Once we set up the website, e-mails started pouring in. We heard from people who had lost their homes, people who were desperate for financial help, people who were frustrated about what was happening to our country. I was a little surprised by the outpouring—after all, we started out as a pretty obscure government panel. But this crisis was personal. People felt like their whole world was unraveling. Maybe our report gave them a voice. Maybe it asked some of the same questions they would have asked if they had the chance.

I had hoped our report wouldn’t get caught up in any kind of political crosswind, but that’s not how it worked out. In the two weeks our panel had to write the report, we circulated drafts, had conference calls, swapped e-mails, and agreed to compromises—all in the hope that we could deliver a unanimous report. But it wasn’t to be. Congressman Hensarling voted against it.

So our first report was signed by all three Democratic appointees, with no Republican support.

I started to understand that oversight was going to be hard, every step of the way.

Shirts and Skins

On December 10, the day the first COP report came out, I had an appointment with our dissenter, Congressman Hensarling. I figured he had invited me to his office on Capitol Hill to discuss what he thought COP should be doing differently.

Early that morning, I got lost—again—this time in the basement of the Capitol. Michael Negron, another of my former students, was with me. He had been a navy officer before law school, and he was a lot less likely to get rattled by a little thing like getting lost.

The congressional office buildings are linked by big underground tunnels and small shuttle trains that curve in odd directions, and the offices are numbered in ways that make no sense to me. We turned one way and then another, and finally Michael announced that we were almost there. Go, Navy!

Hensarling’s office was already open for business, and the congressman came out quickly to greet us. Handshakes all around, and Michael and I joined Hensarling and one of his staffers in his private office. I perched on the edge of a sofa, with my coat across my lap.
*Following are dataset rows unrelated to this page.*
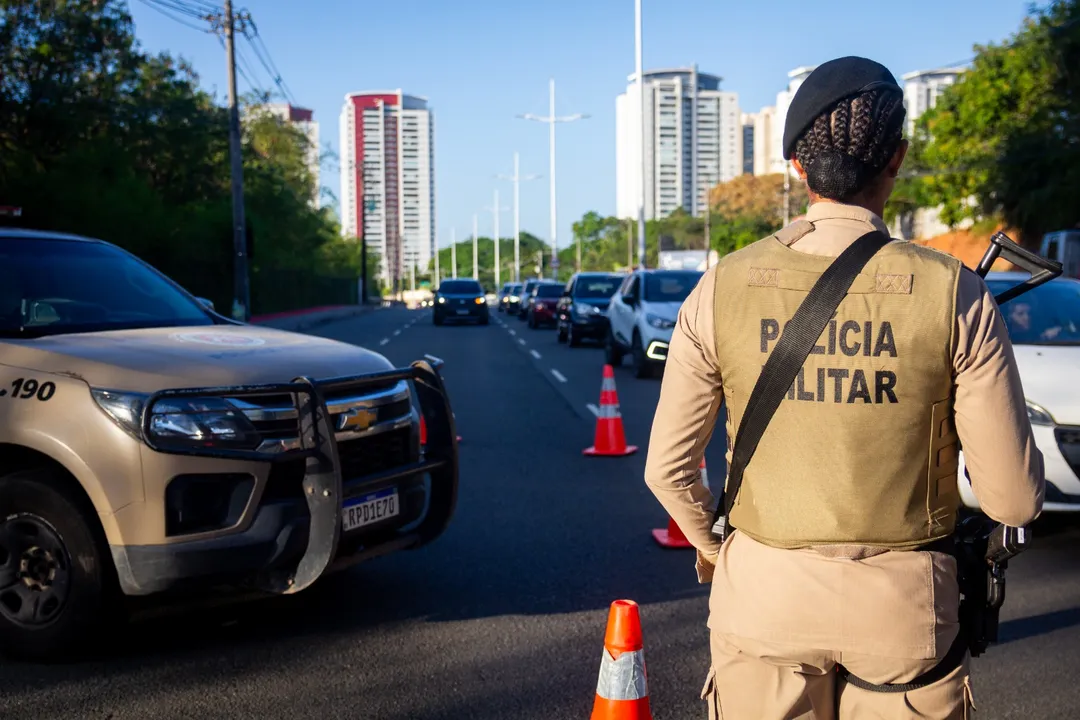 A ação busca retirar armas e drogas de circulação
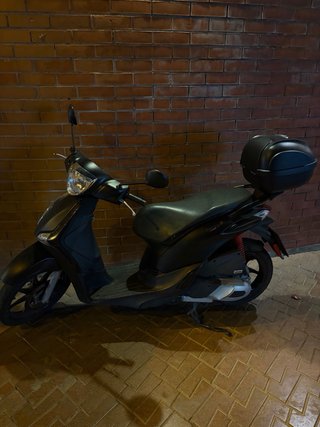 Piaggio Scooter Negra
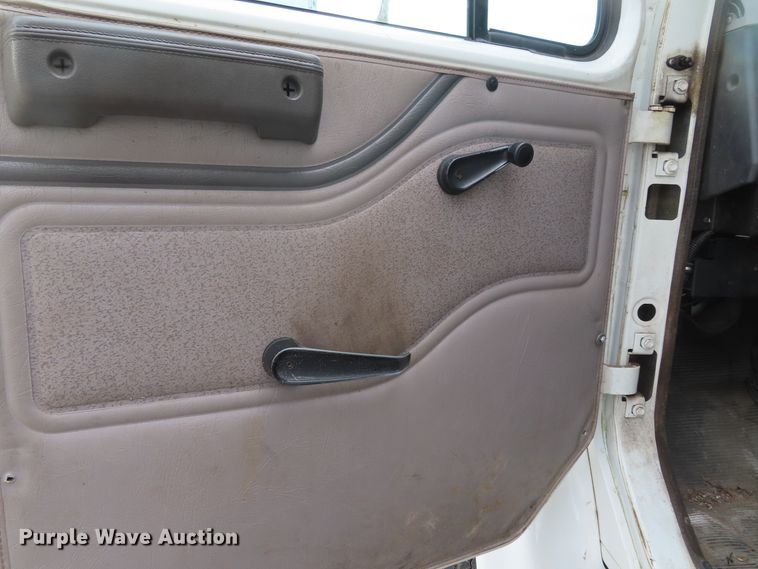 image for item DD6217 1999 International 4900 refuse truck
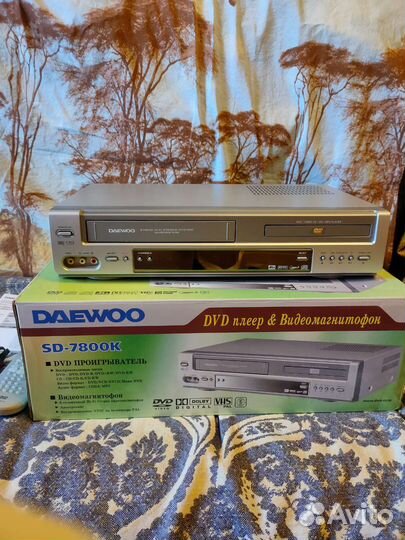 DVD плеер,совмещённый с видеомагнитофоном daewoo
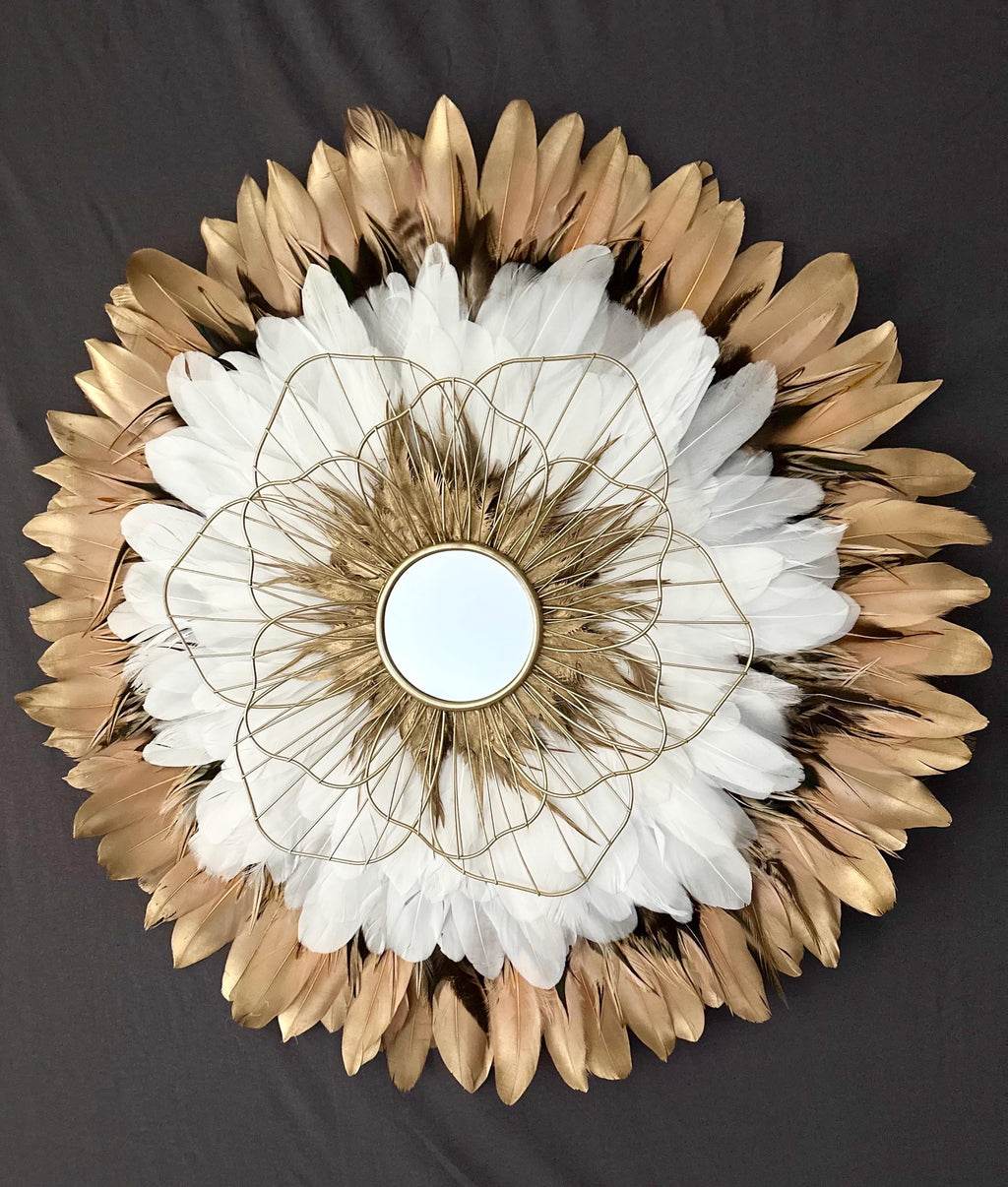 SOLARIS – Juju Hat mural doré avec miroir et fleur en métal | Déco murale en plumes blanches et or | Art mural luxe fait main bohème chic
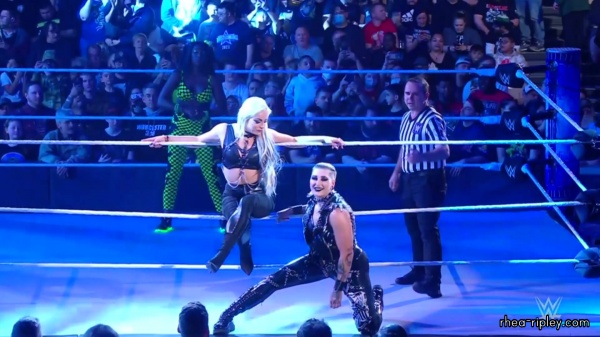 Click to view full size image
==============
WWE_Friday_Night_SmackDown_2022_04_15_1080p_HDTV_x264-Star_0682.jpg WWE_Friday_Night_SmackDown_2022_04_15_1080p_HDTV_x264-Star_0682.jpg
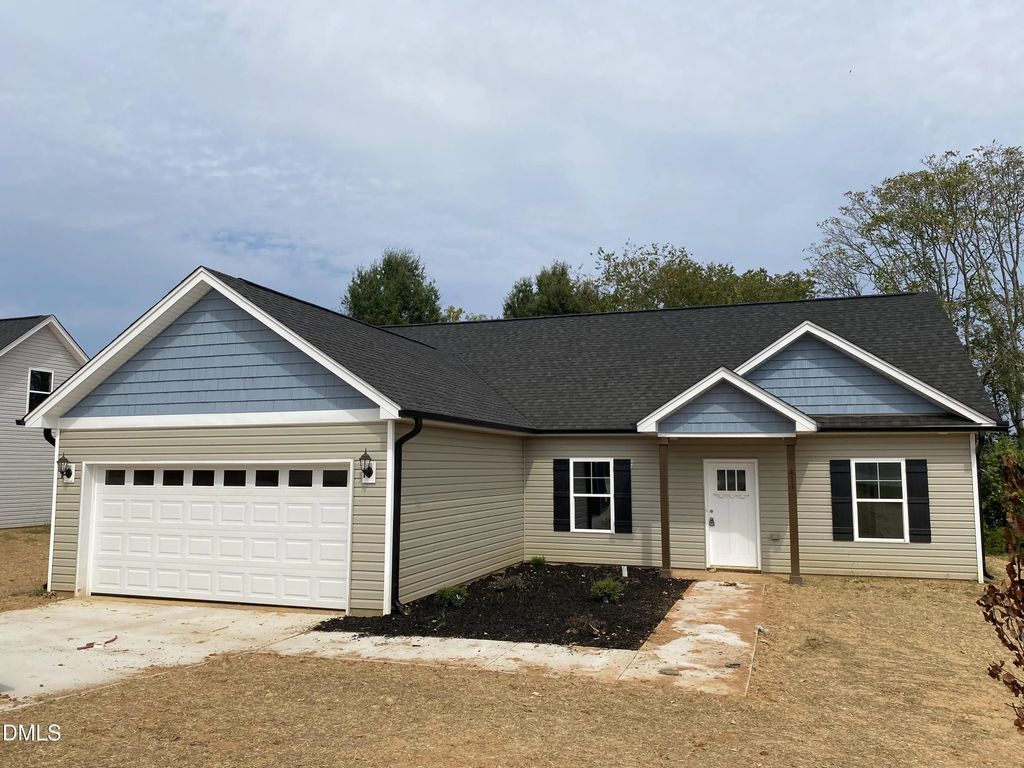 411 E Lee Avenue, Yadkinville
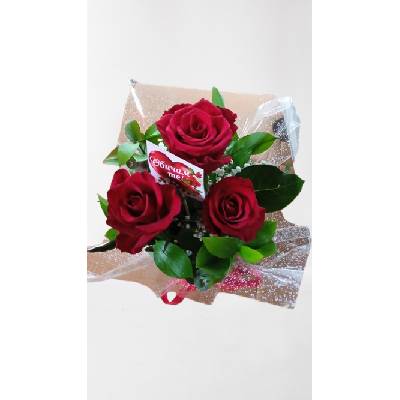 БУКЕТ ОТ ЧЕРВЕНИ РОЗИ В ПИАФЛОРА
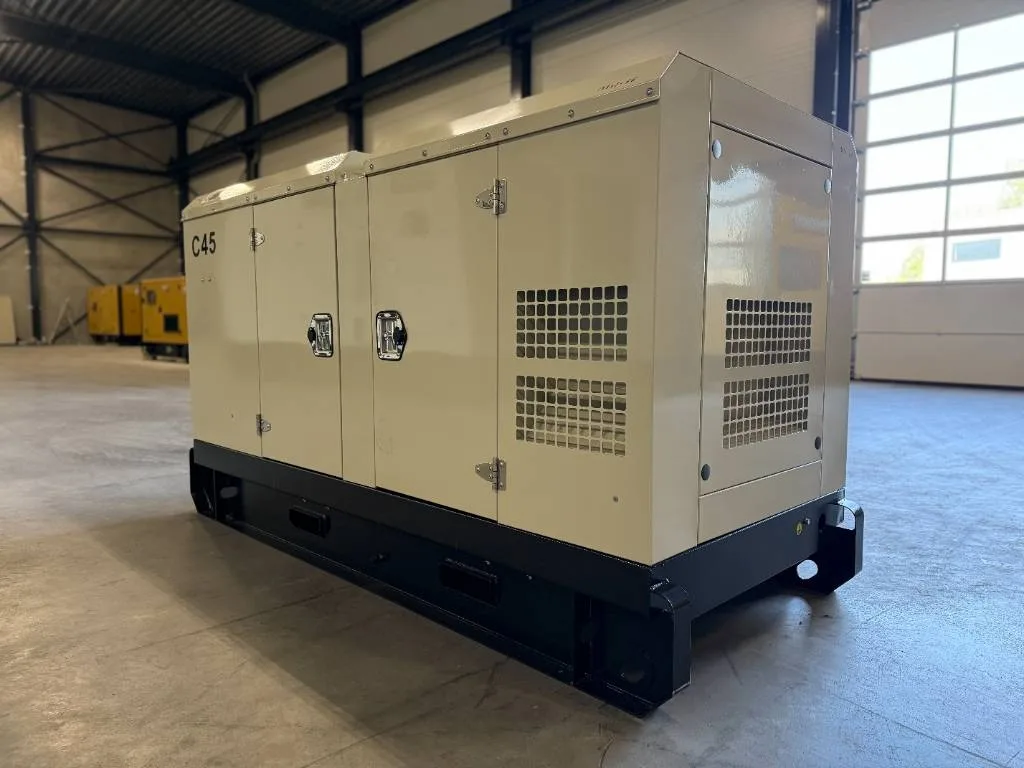 Groupe électrogène diesel Cummins 45 kVA triphasé – 4BT3.9-G2 — vue 3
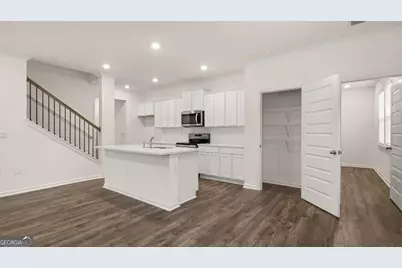 560 Silver Moon Drive, Loganville, GA 30052 - Photo 11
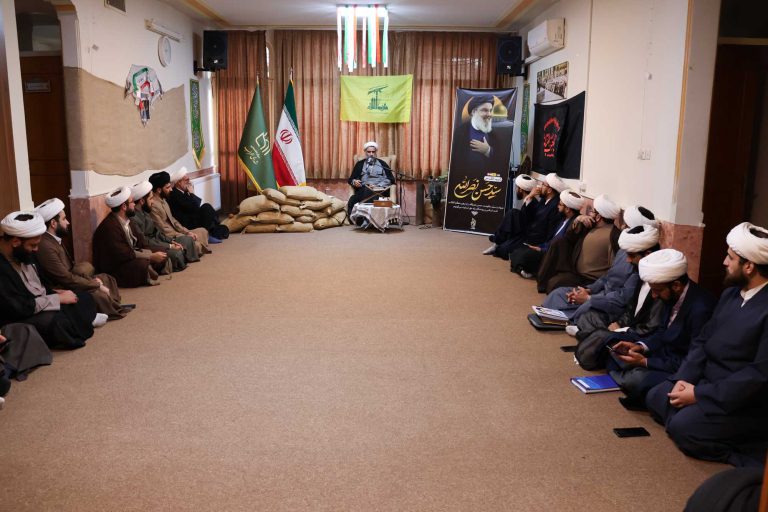 جلسه صمیمی مدیر مرکز تخصصی شهدای محراب با دانش‌پژوهان برگزار شد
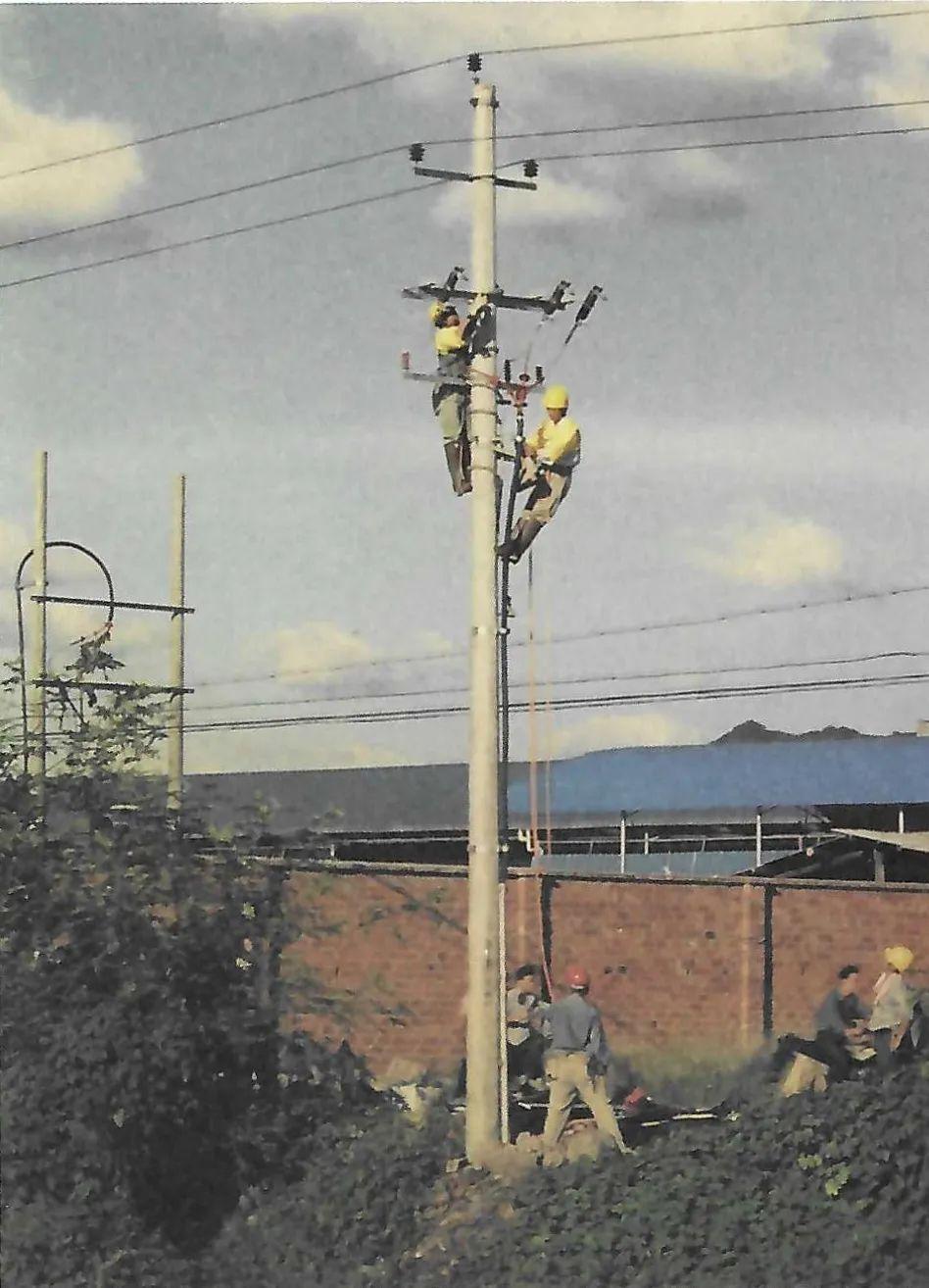 图为1999年永康当地供电公司首次开展10千伏带电作业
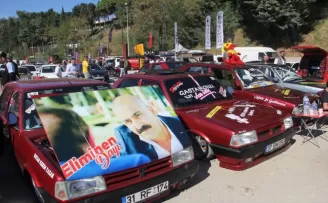 Modifiye araç tutkunları Sinop'ta düzenlenen fuarda buluştu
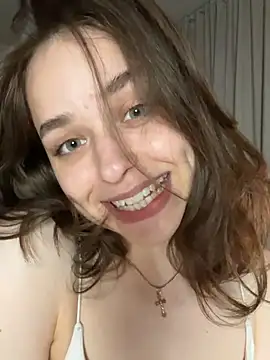 yoyogirlx: онлайн-секс-чат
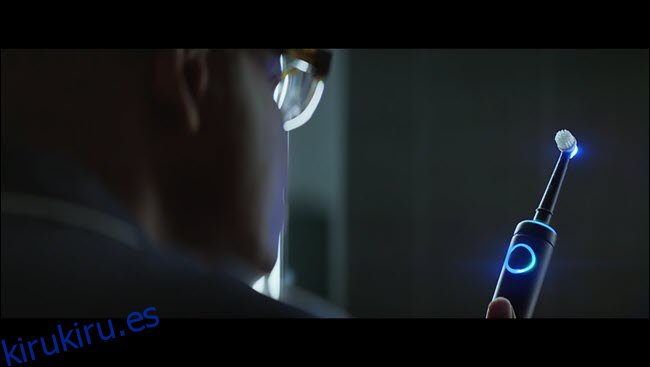 Hombre del comercial de Alexa mirando su cepillo de dientes Echo iluminado.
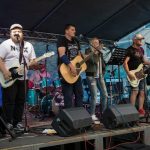 Soběslav si užila pivní slavnosti s muzikou i duhou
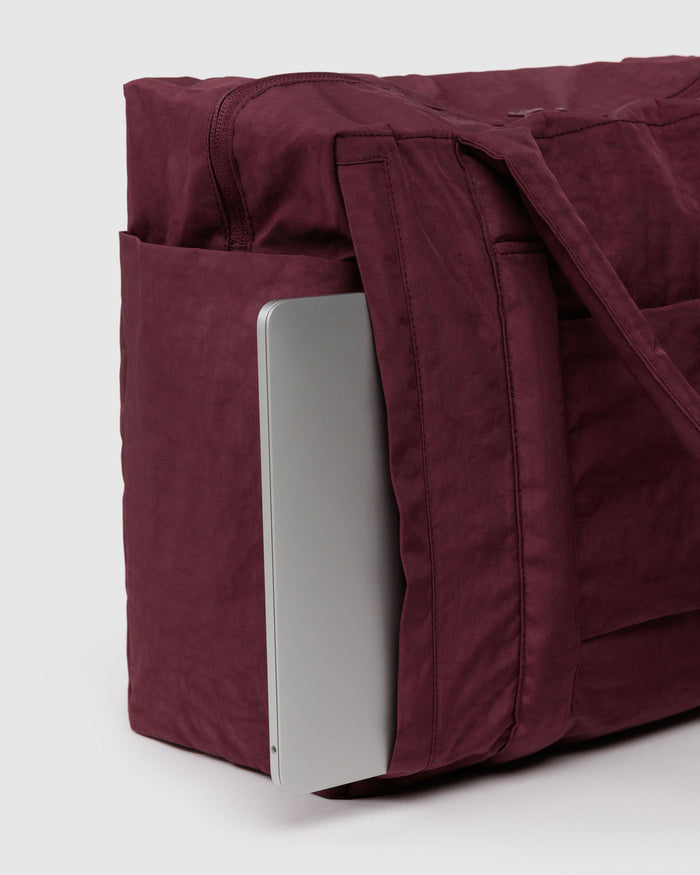 SMALL CLOUD BAG CARRY-ON (MAHOGANY) — by Baggu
After Hensarling’s dissent on the first report, I hoped I could find out what he wanted to do differently. Maybe he had strong views about what we should investigate. Maybe he had an idea for how we could monitor where the TARP money went. Maybe he wanted to put more pressure on Treasury to show progress in slowing foreclosures. Maybe he wanted to talk about the second, staggering bailout for Citibank—and Treasury’s willingness to lie to us. The list of issues our panel might work on was growing by the day, and I didn’t know what priorities the congressman wanted to address.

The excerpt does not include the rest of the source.